TypeScript types are not available at runtime. As the name implies, runtime type information requires runtime support. Since TypeScript compiles to JavaScript, the only type information available is that provided by JavaScript.

Types are absolutely available at runtime. You just have to start with the runtime.

  const parseStr = (value: unknown): assert value is string => {
    if (typeof value === 'string') return value

    throw new Error(…)
  }

  const str = parseStr(anythingYouCanThrowAtIt)
I can 100% guarantee you str is going to have the same static and runtime type once you’ve checked it, or parsed it from whatever type you’d accept as a string. TypeScript won’t do the parsing for you, because JavaScript doesn’t have clear semantics for runtime casting that anyone wants or would accept. But type guards are exactly the solution to that and incredibly composable. Once you accept that reality and embrace it, getting the static type out of your runtime parser is a single added line of static type code. And all of this is almost exactly equivalent to what languages with runtime casts do, but you have complete visibility into it because you determine how casts behave. There are whole libraries which do this for you so don’t worry about rolling your own unless you have very particular needs. But TypeScript definitely has the facility to align static and runtime types however you see fit. You just need to tell the type system what types the runtime conveys, same as every other aspect of the type system.
You seem knowledgeable about TypeScript, so you certainly very well understand what people mean by "types are not available at runtime". Once your typescript is compiled to javascript, there's nothing left of your user-defined types and interfaces. Type guards are a security that is very much a workaround for the lack of types at runtime.
I’m encouraging thinking about the problem from a different angle. If you parse rather than validate[0][1], you have roughly all of the type information you could want in the runtime, and by using type guards the type system will reflect the runtime types.

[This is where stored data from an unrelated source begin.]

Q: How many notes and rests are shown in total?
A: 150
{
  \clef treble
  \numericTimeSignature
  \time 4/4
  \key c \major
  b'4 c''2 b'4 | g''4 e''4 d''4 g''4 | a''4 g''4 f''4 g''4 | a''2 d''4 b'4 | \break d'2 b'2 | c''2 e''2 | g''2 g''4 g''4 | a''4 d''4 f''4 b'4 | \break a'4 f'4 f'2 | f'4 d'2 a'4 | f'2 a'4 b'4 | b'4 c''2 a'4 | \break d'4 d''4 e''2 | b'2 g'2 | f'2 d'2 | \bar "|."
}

It’s not a workaround. Every language with runtime types will have some logic devoted to this kind of casting/narrowing. TypeScript rightly doesn’t build it into the compiler because most of the time you don’t want types to have runtime behavior. For internal logic which can be validated statically, runtime types would be an unnecessary overhead. So it’s up to developers to determine where it should be applied. Type guards are explicitly an affordance for that, designed specifically to convey types with runtime casting/narrowing.

If you use good, composable primitives like zod or io-ts or any of several other implementations, your code will typically be almost identical to deriving runtime from types rather than the inverse.

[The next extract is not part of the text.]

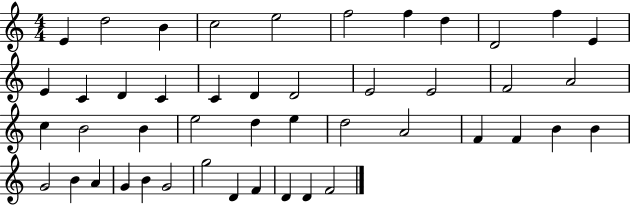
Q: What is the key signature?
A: C major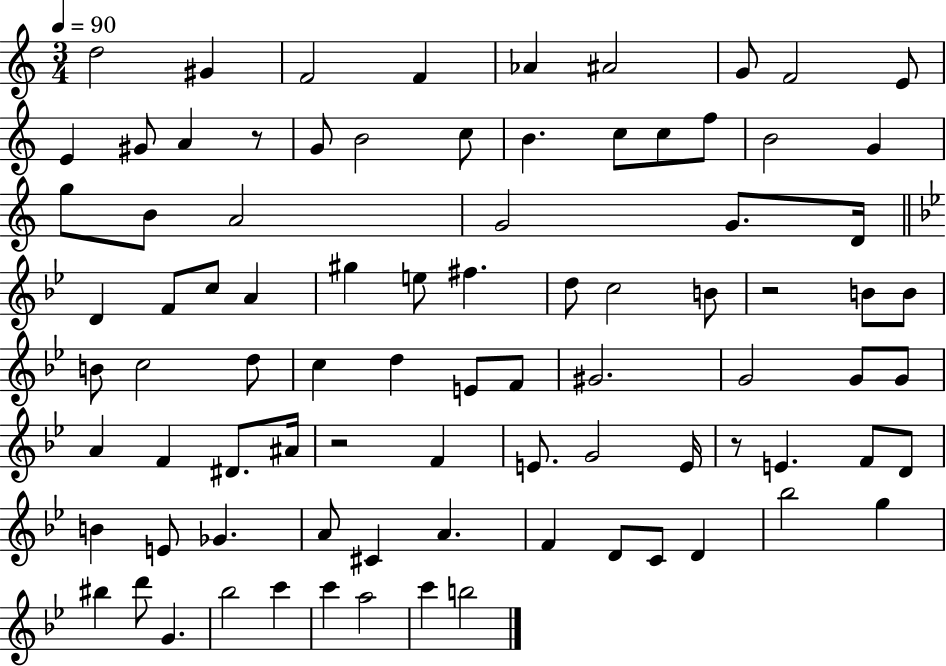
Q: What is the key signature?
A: C major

0: https://itnext.io/parse-dont-validate-incoming-data-in-types...

1: https://lexi-lambda.github.io/blog/2019/11/05/parse-don-t-va...

You can use discriminated unions with TS (https://antman-does-software.com/typescripts-discriminated-u...), and you can even parse them from unknown data using tools like zod (https://zod.dev/?id=discriminated-unions), io-ts, or the likes.

I can't think of anything I can do in .NET (which has runtime types) that I can't do in TS with the help of a library or two.

> I can't do in TS with the help of a library or two.

Libraries like io-ts and zod embed the type information into JavaScript, so the information is available at runtime but only for wrapped types. If TypeScript provided runtime type information, such libraries wouldn't be necessary.